I’m a sucker for shiny objects. I love to try out new software utilities–usually in the network monitoring arena. This has often resulted in a problem that Adrian Kingsley-Hughes at ZDNet described based on a lament of ExtremeTech’s Loyd Case. Loyd reported a marked slowdown in his Windows PC startup–the side effects of code rot or bit rot. Like Kingsley-Hughes, I think that code rot–caused by installing and then perhaps uninstalling, upgrading and installing competing software, or just loading too many software applications–is real. Because of code rot I had IT reimage my work system, an almost ancient Lenovo (nee IBM) ThinkPad x31 with 2GB RAM, a couple of days ago on Jan. 5. My system is now booting up much faster. Here’s what I’m doing to try to keep it that way.
I’ve installed Sun’s no-cost VirtualBox to create a virtual Windows system “lab rat” that serves as a host for any trial software that crosses my path. Now, instead of installing a trial version of, say Paessler’s PRTG network monitoring software on my base system, I install it first on the lab rat. If the new software proves useful, then I’ll install it in the base system. If not, it’ll be no problem to zap the lab rat, having it revert to a pristine state. Using this method, I hope to ensure that only truly useful software gets installed on my base system.

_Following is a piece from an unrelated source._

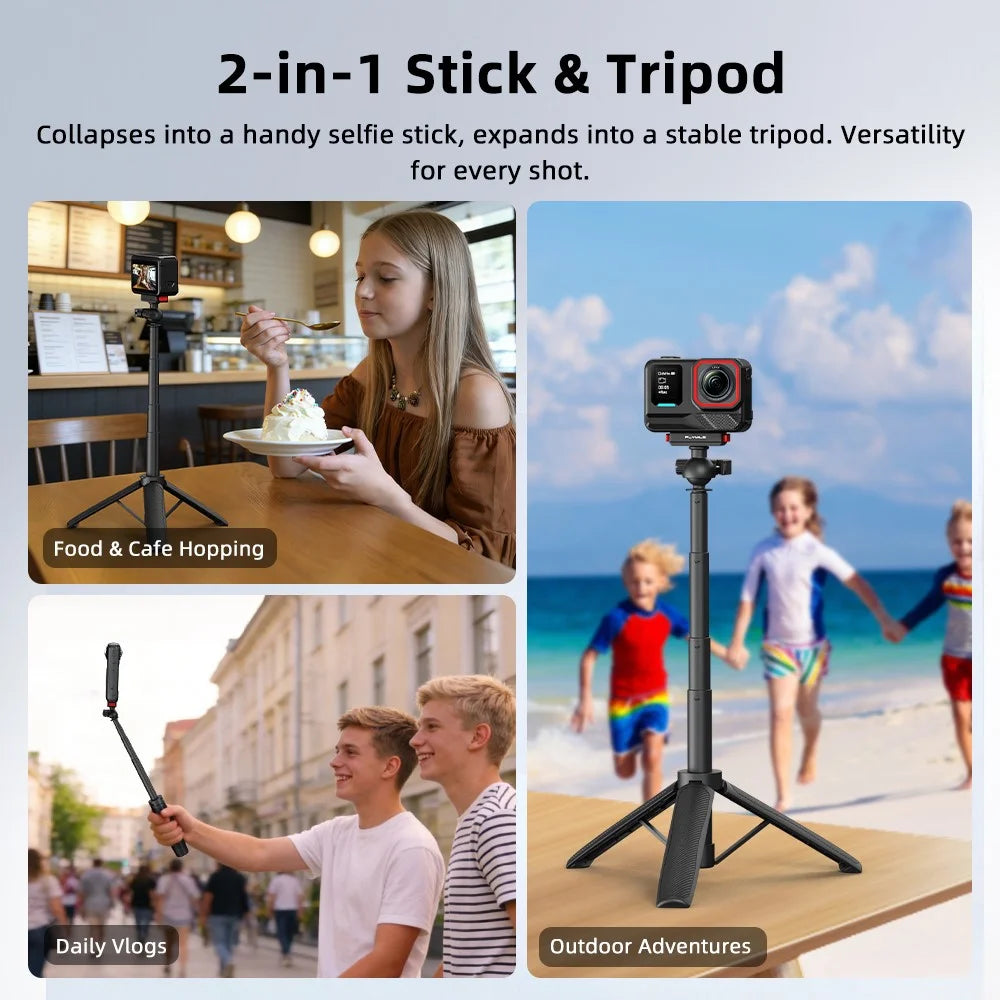 FLYMILE Magnetic Quick-Release Tripod for Insta360 Ace Pro 1 / 2 / ACE / X5 2-in-1 Selfie Stick Telescopic Pole Tripod with Ball Head - 4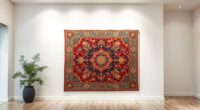antique rug wall installation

Using VirtualBox or VMware Workstation will likely slow, but not stop, code rot on my newly imaged laptop. However, I expect that using a lab rat system will lessen my feelings of frustration as my system eventually slows down over time, by providing me with the comfort of knowing that at least the software I installed was actually worthwhile.
It happens that I’m also evaluating VirtualBox for an eWEEK Labs review and have already posted a preliminary walk-through of the product. In the review I’ll be focusing on the new features in Version 2.1 of VirtualBox. I’ll also be reviewing it from the point of view of its intended use as a development environment. The scenario I’ve laid out above is an off-label (but totally legitimate use) of the product. If it helps you slow down the dreaded effects of code rot, then please let me know.